## [PROBLEM DETAILS]
Leave out the images and return all the data word for word.

-- DATA FOR THE TASK follows --

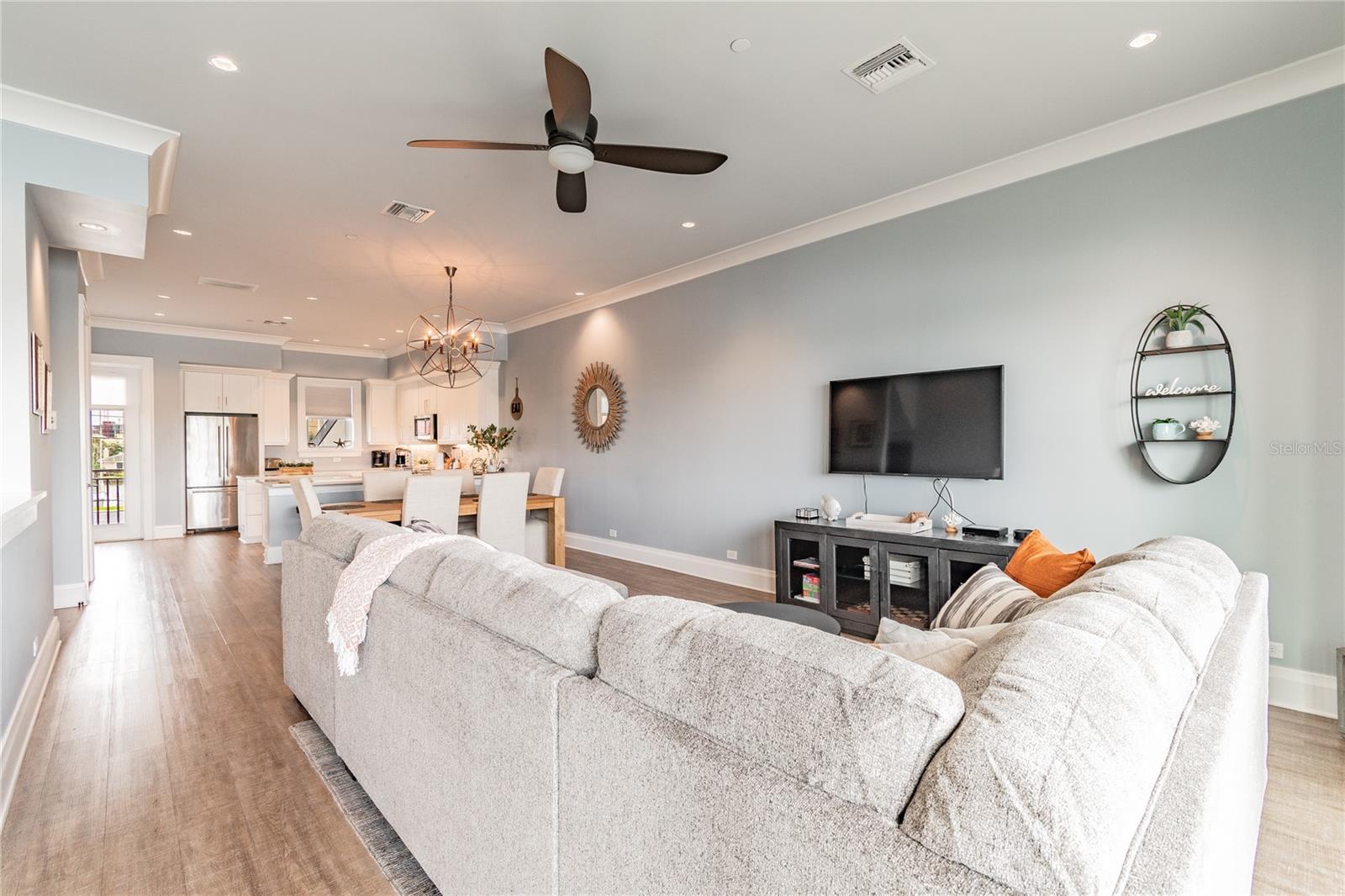 2nd Level: Main Living/Dining/Kitchen Area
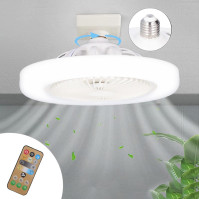 Stropní ventilátory Haofy s dálkovým ovládáním, 36W stropní ventilátor 9,8" malá tichá LED lampa ventilátoru E27 pro ložnice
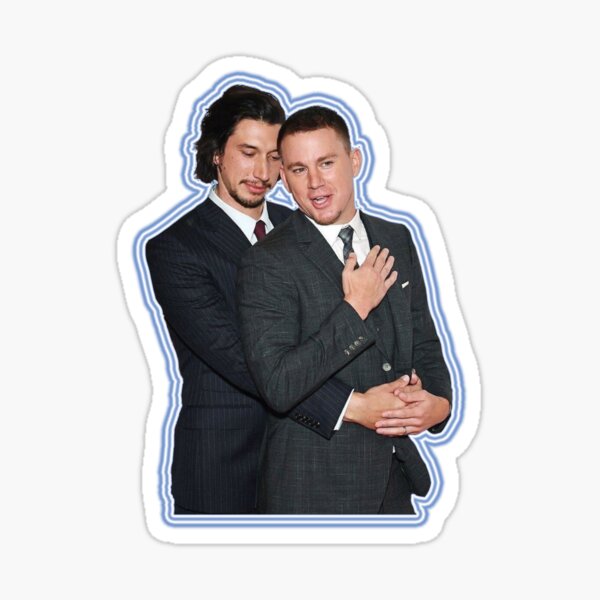 Vista previa del artículo con la obra «Adam Driver y Channing Tatum», diseñado y vendido por morganmeaux.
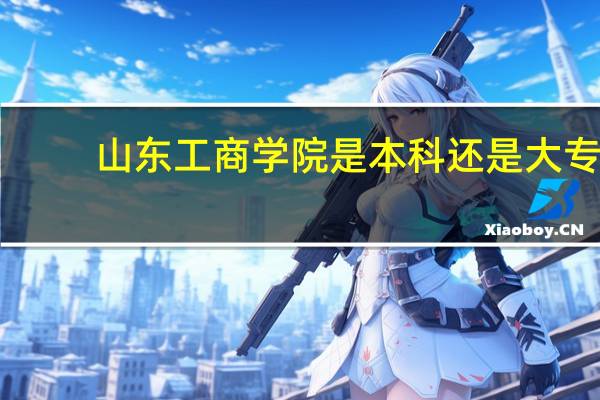 山东工商学院是本科还是大专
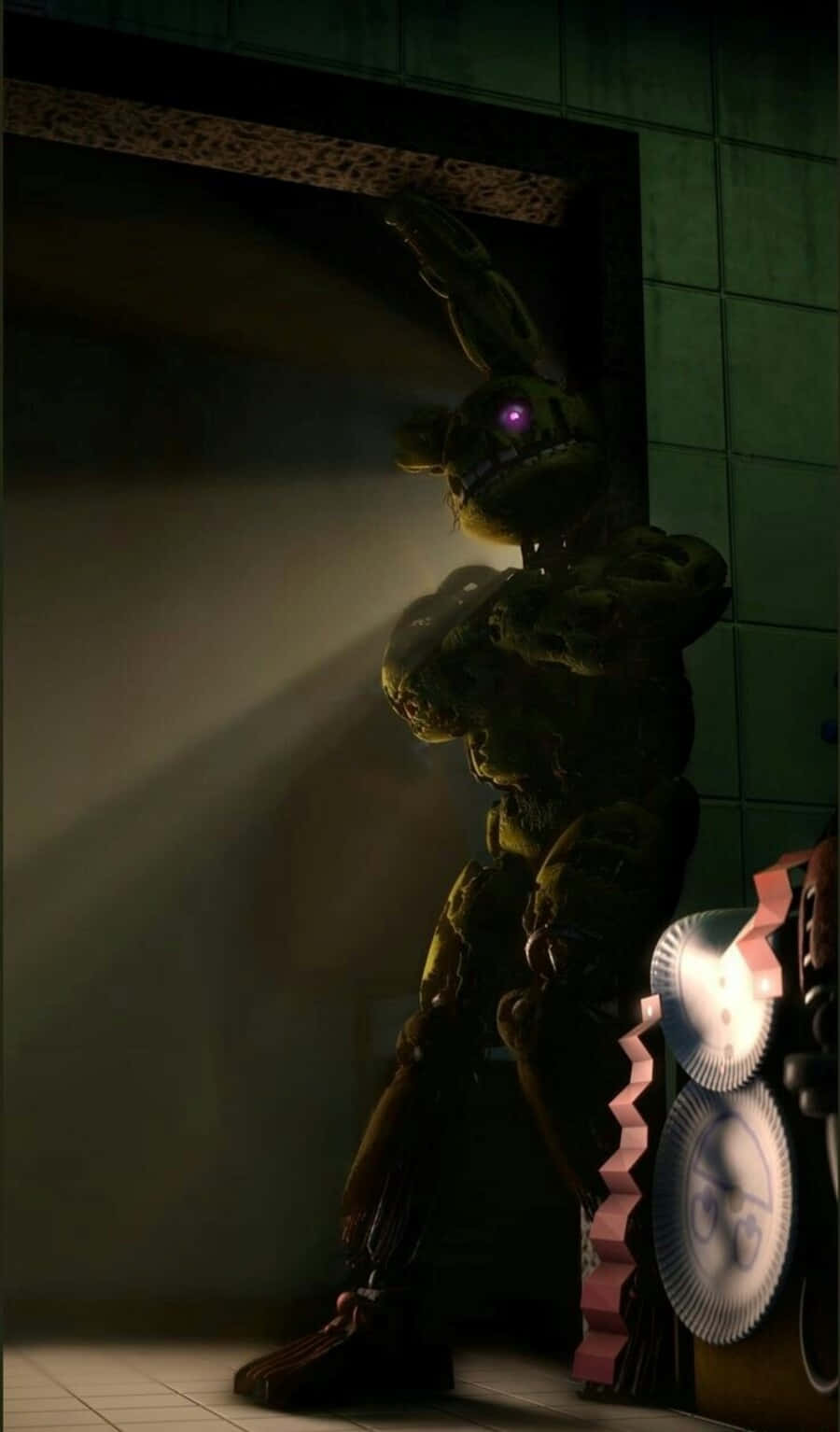 Springtrap's Sinister Stare Wallpaper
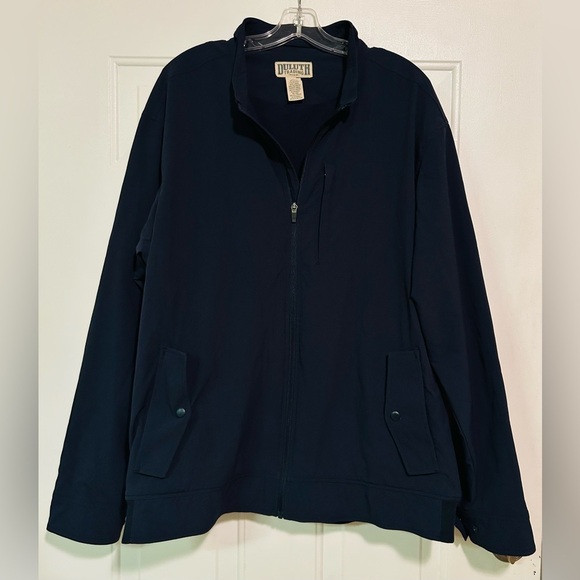 Duluth Trading Co Men's XL Jacket Blue Wind Breaker Like New - Picture 1 of 7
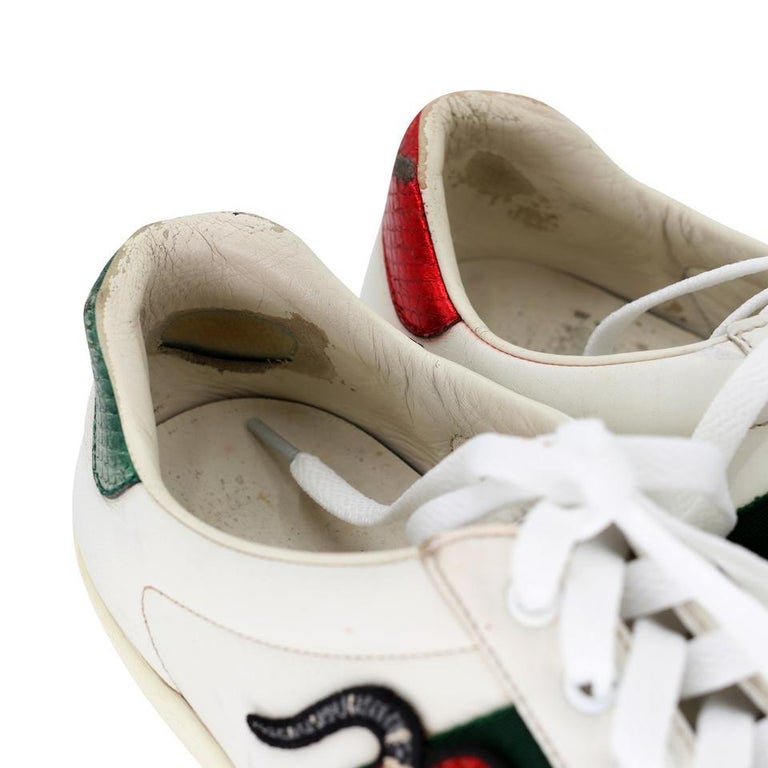 Zapatillas Gucci Snake Gucci Tenis Serpiente Marca Gucci Tenis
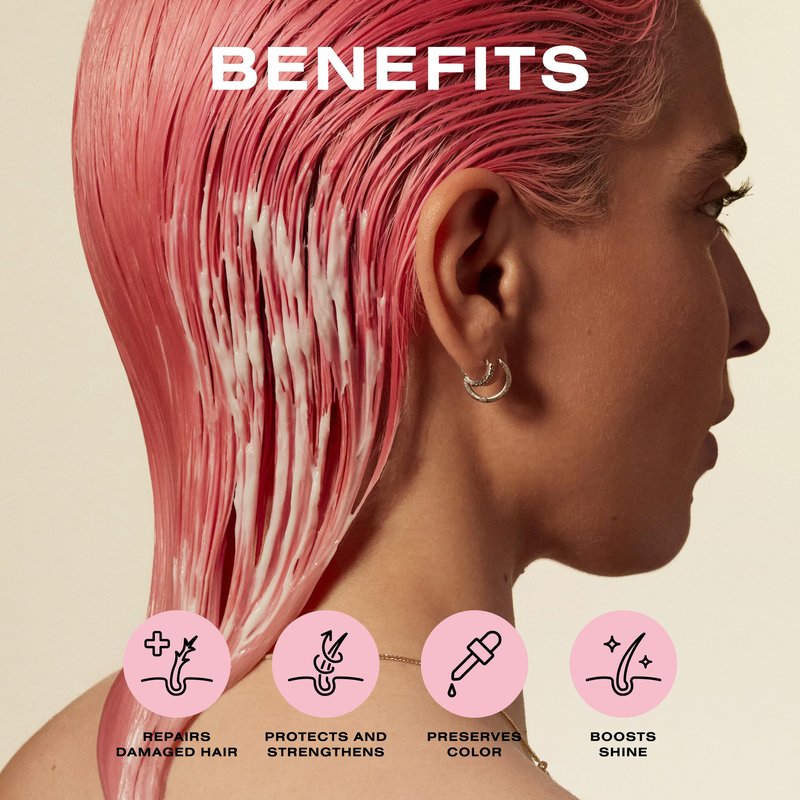 Ceremonia Guava Color Protect & Damage Repair Conditioner | Restores Hair & Boosts Shine with Aloe Vera | Protects Hair from UV and Heat, 8.45 fl oz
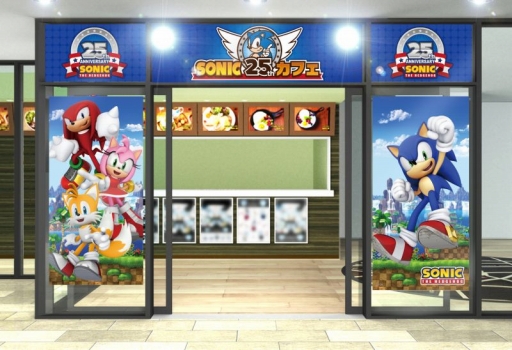 画像ギャラリー No.002のサムネイル画像 / 「ソニック25周年カフェ」の再オープンが決定。東京スカイツリータウンで2017年1月5日から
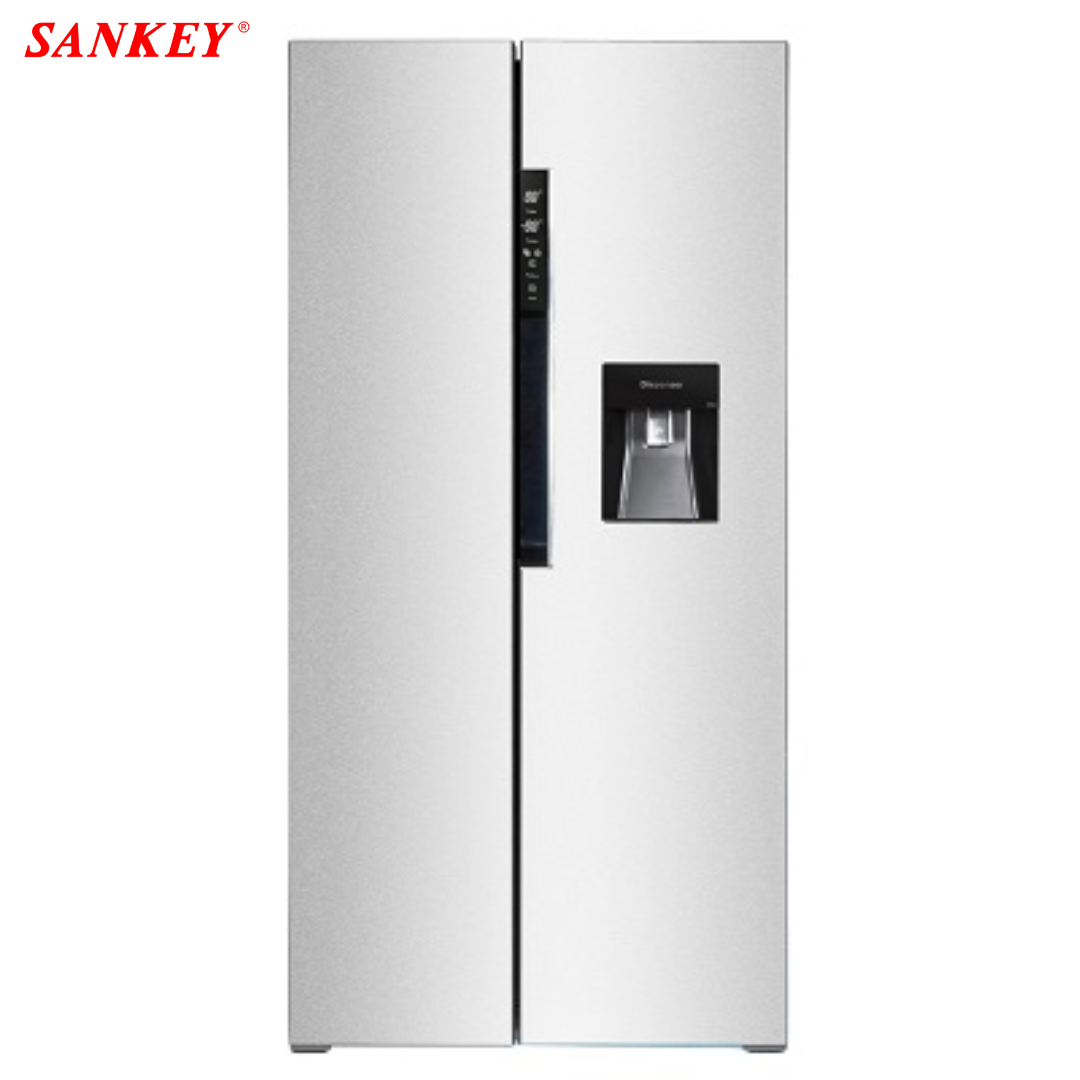 Refrigeradora Side by Side 17.51P3/496L Acero Inoxidable Inverter No Frost con Dispensador de Agua Sankey RF-19IN88SD SANKEY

-- DATA FOR THE TASK concluded --

## [SOLUTION TO THE EXERCISE]
 2nd Level: Main Living/Dining/Kitchen Area
 Stropní ventilátory Haofy s dálkovým ovládáním, 36W stropní ventilátor 9,8" malá tichá LED lampa ventilátoru E27 pro ložnice
 Vista previa del artículo con la obra «Adam Driver y Channing Tatum», diseñado y vendido por morganmeaux.
 山东工商学院是本科还是大专
 Springtrap's Sinister Stare Wallpaper
 Duluth Trading Co Men's XL Jacket Blue Wind Breaker Like New - Picture 1 of 7
 Zapatillas Gucci Snake Gucci Tenis Serpiente Marca Gucci Tenis
 Ceremonia Guava Color Protect & Damage Repair Conditioner | Restores Hair & Boosts Shine with Aloe Vera | Protects Hair from UV and Heat, 8.45 fl oz
 画像ギャラリー No.002のサムネイル画像 / 「ソニック25周年カフェ」の再オープンが決定。東京スカイツリータウンで2017年1月5日から
 Refrigeradora Side by Side 17.51P3/496L Acero Inoxidable Inverter No Frost con Dispensador de Agua Sankey RF-19IN88SD SANKEY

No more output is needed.